The answer must consist only of the lines from the line with "Babyhug Bow and" to the line with "Преносима батерия Ecoflow", both included, exactly as they stand below.

Provided data —
+ + + + +

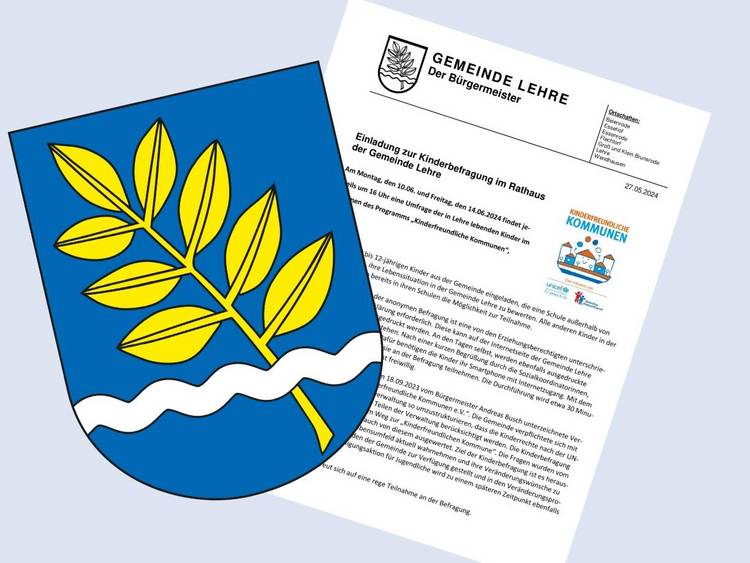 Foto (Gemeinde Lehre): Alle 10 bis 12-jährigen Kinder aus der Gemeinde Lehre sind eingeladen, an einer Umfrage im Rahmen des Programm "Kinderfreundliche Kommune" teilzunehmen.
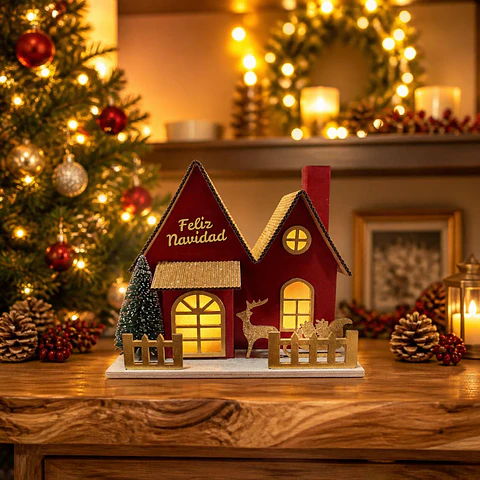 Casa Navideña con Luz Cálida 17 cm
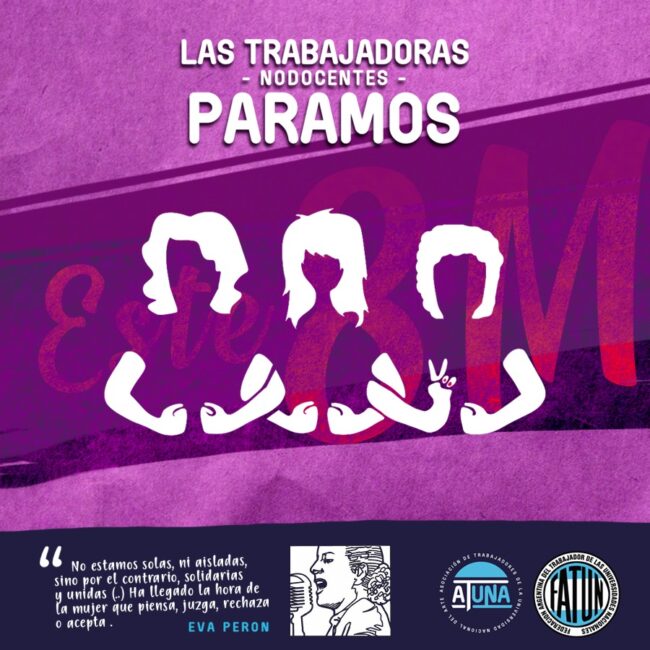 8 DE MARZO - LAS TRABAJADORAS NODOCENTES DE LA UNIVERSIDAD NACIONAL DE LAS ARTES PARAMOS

+ + + + +

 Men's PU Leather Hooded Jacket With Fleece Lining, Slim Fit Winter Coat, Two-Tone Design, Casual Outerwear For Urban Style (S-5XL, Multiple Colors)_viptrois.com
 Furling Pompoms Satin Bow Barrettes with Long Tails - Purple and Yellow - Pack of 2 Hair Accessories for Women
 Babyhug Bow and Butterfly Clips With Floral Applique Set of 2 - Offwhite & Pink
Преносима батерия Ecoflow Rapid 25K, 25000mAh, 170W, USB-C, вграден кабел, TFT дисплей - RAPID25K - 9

+ + + + +

Answer section —
 Babyhug Bow and Butterfly Clips With Floral Applique Set of 2 - Offwhite & Pink
Преносима батерия Ecoflow Rapid 25K, 25000mAh, 170W, USB-C, вграден кабел, TFT дисплей - RAPID25K - 9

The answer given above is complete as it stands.